Importance of pasture burning highlighted as many prepare for summer grazing
TOPEKA, Kan. (WIBW) - Kansas’ junior U.S. Senator has highlighted the importance of the practice of pasture burning as farmers and ranchers prepare for the summer grazing season.
U.S. Senator Roger Marshall (R-Kan.) has highlighted Kansas’ voluntary efforts to better care for the environment as the spotlight remains on the state throughout the 2023 Farm Bill legislative process.
“While we hold hearings for the 2023 Farm Bill, I want to highlight the fact that Kansans are working hard every day to protect our environment and conserve precious resources our ag economy needs to thrive. Kansas farmers, ranchers, growers, and producers are finding unique and practical ways to preserve our land and protect our water and air. Their efforts are worthy of everyone’s praise,” said Sen. Marshall.

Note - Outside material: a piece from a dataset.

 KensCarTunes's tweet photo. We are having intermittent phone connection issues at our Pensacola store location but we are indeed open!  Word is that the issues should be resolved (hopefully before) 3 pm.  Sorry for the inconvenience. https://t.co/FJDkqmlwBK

Marshall spoke with rancher Joe Carpenter as many in the Flint Hills prepare for the controlled burn of pastures ahead of the start of the summer grazing season. With the area being the last tallgrass ecosystem in the U.S., he said it is crucial that landowners preserve the landscape and ecosystem
According to the Senator, ranchers like Carpenter use controlled burns to do so. He said everything in the Flint Hills is shaped by fire - animals, grass, shrubs and trees. For thousands of years, fire has been set to prairies to kill invasive species and encourage new growth to attract bison for hunting.
Marshall said the need for fire continues as plants, animals and the economy still rely on it. He said the tallgrass prairie once covered 170 million acres from Texas to Canada to Ohio. Now, less than 4% remains intact - mostly in the Flint Hills.